►

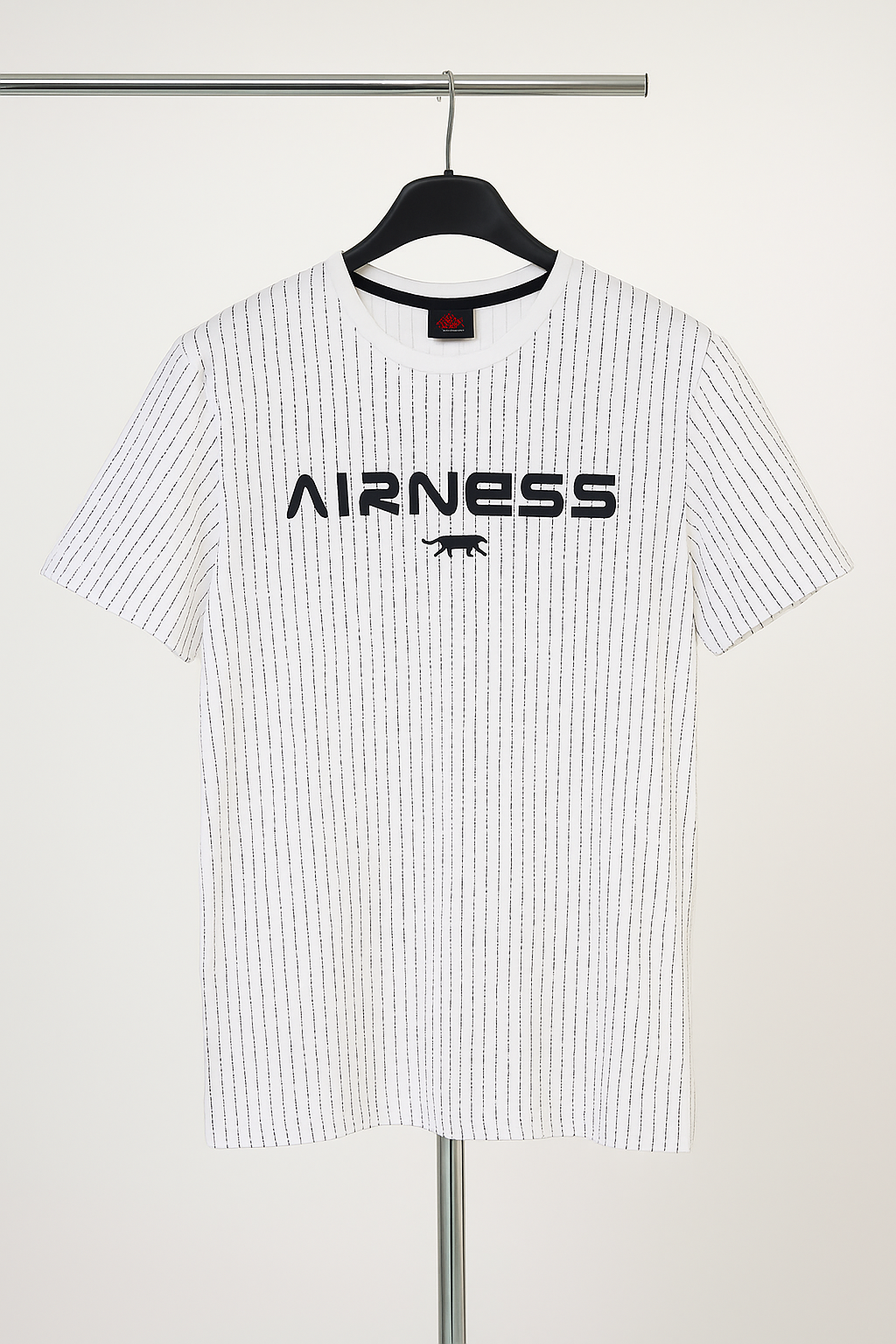 Airness RoundNeck White Printed T-Shirt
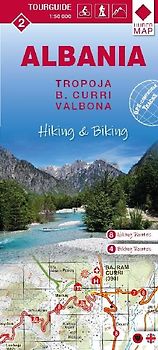 Albania hiking & biking 1:50000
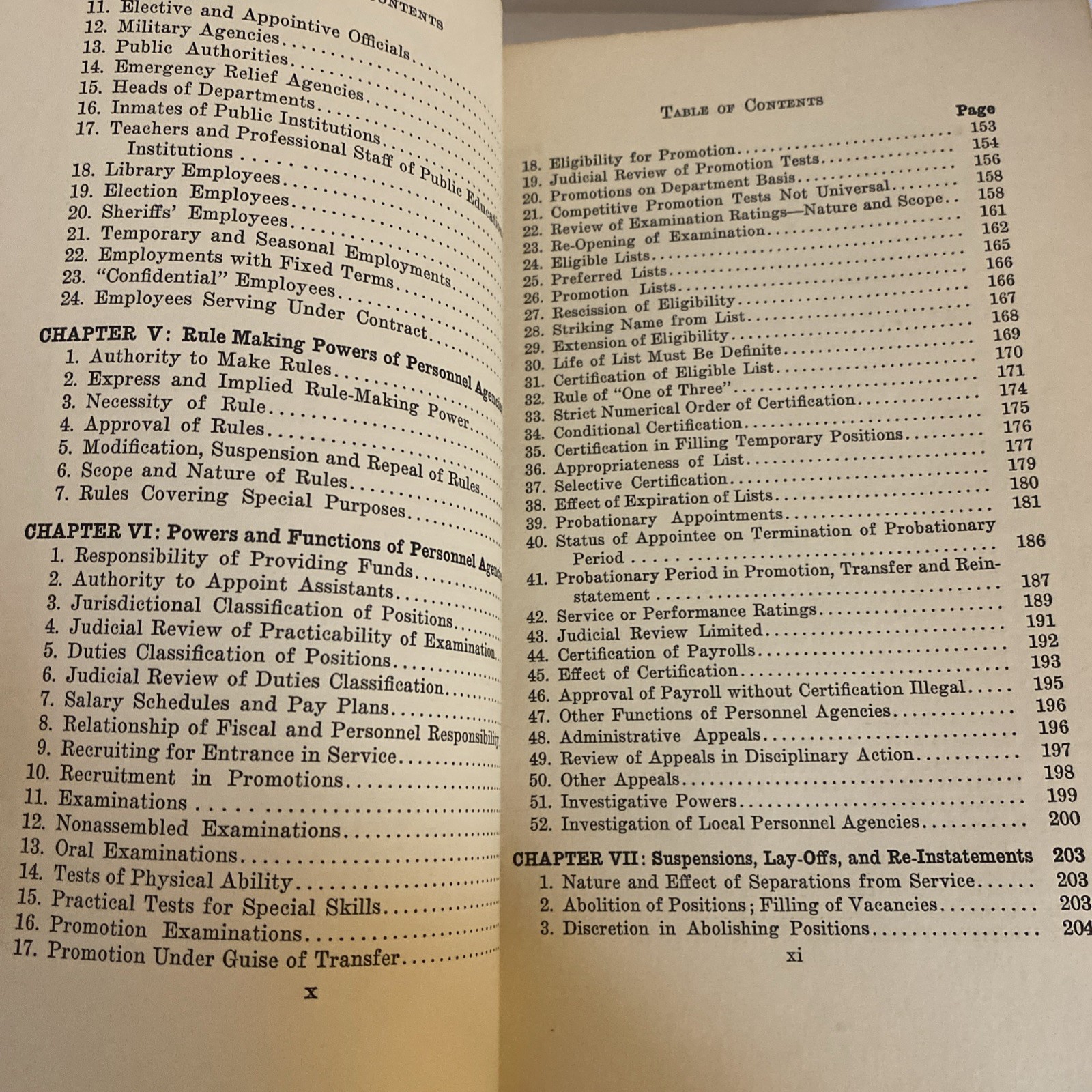 The Law Of Civil Service By H. Eliot Kaplan 1958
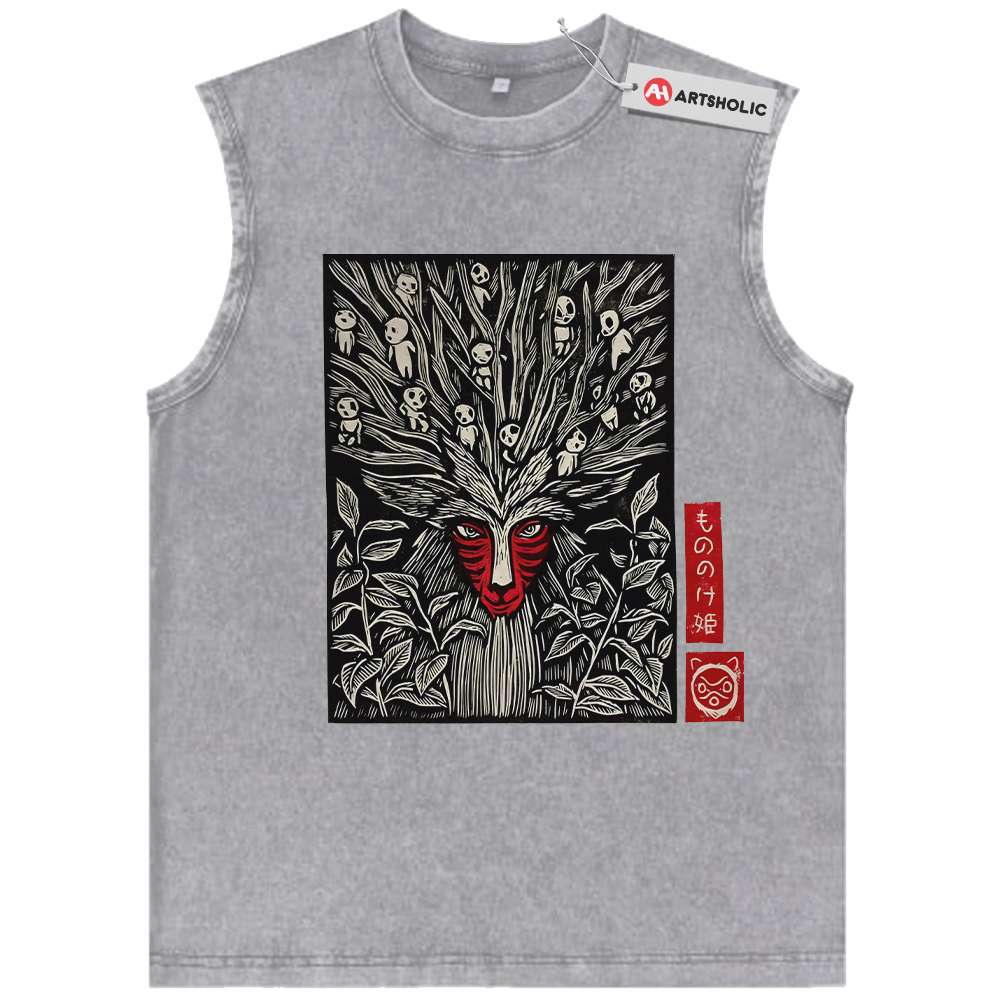 Alternative view of Princess Mononoke Tank Top, Studio Ghibli Tank Top, Anime Tank Top, Vintage Tank Top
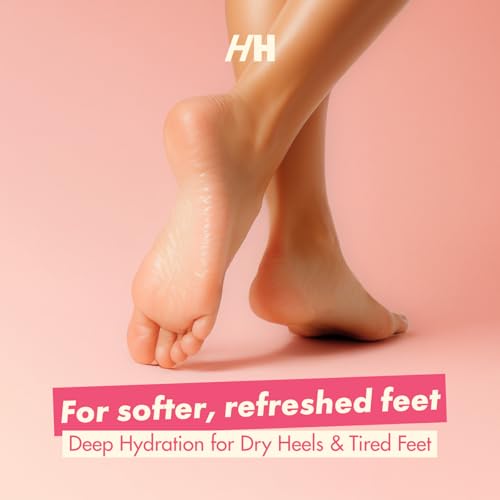 Handmade Heroes Foot Mask Gel Socks for Cracked Heels (2 Pack)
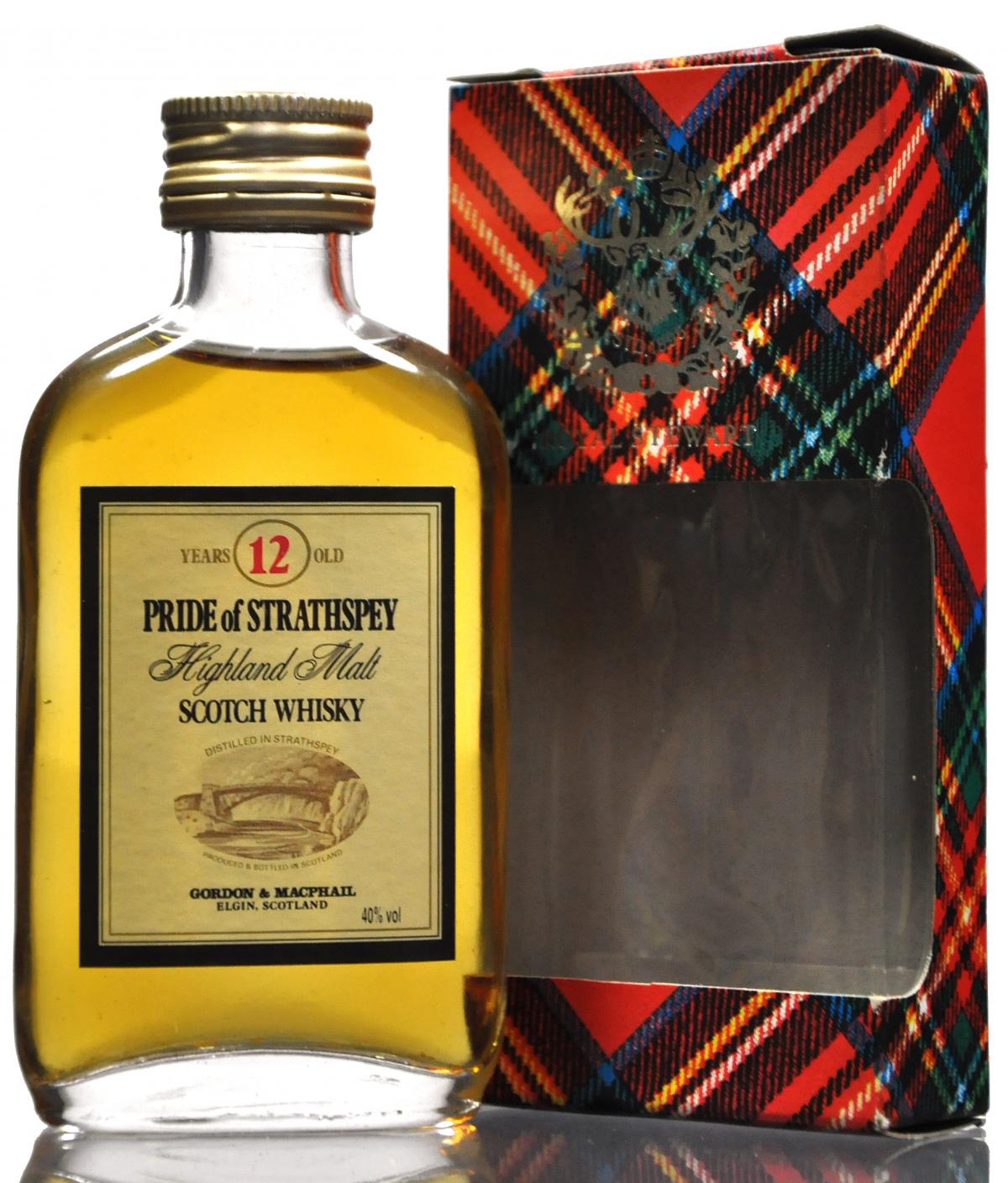 Pride Of Strathspey 12 Year Old - Gordon & MacPhail Miniature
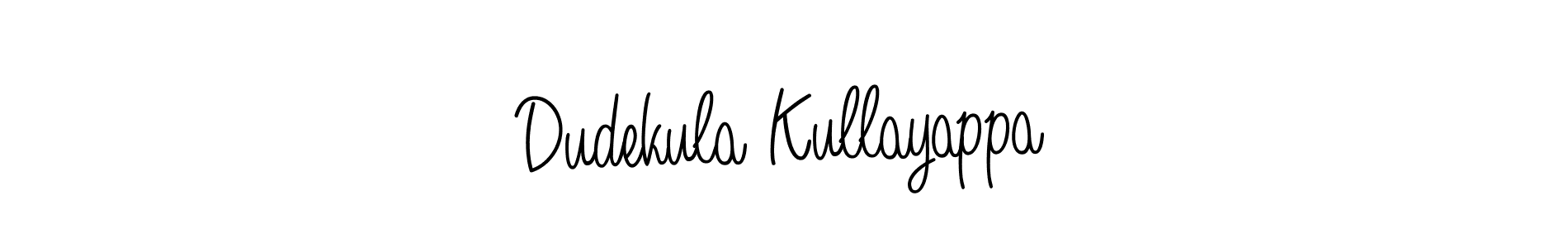 Design your own signature with our free online signature maker. With this signature software, you can create a handwritten (Angelique-Rose-font-FFP) signature for name Dudekula Kullayappa. Dudekula Kullayappa signature style 5 images and pictures png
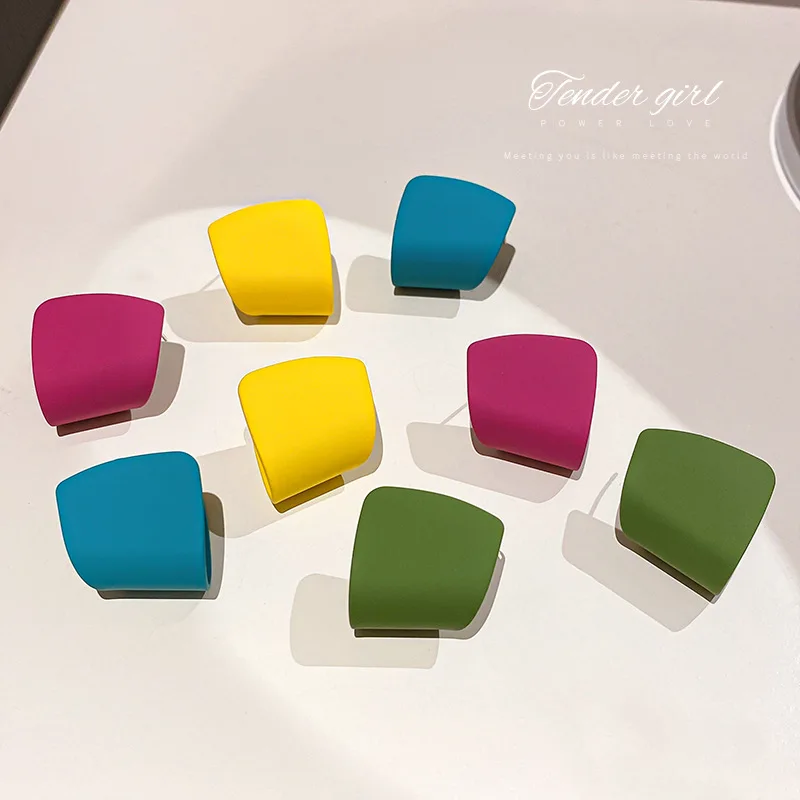 

fashion trendy wholesale candy color summer earrings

◄

* **TASK INSTRUCTIONS**
In the entries above, every line from the line with "Albania hiking & biking 1:50000" to the line with "Pride Of Strathspey" is to be printed exactly, with both ends included and pictures excluded.

* **FINISHED TASK**
 Albania hiking & biking 1:50000
 The Law Of Civil Service By H. Eliot Kaplan 1958
 Alternative view of Princess Mononoke Tank Top, Studio Ghibli Tank Top, Anime Tank Top, Vintage Tank Top
 Handmade Heroes Foot Mask Gel Socks for Cracked Heels (2 Pack)
 Pride Of Strathspey 12 Year Old - Gordon & MacPhail Miniature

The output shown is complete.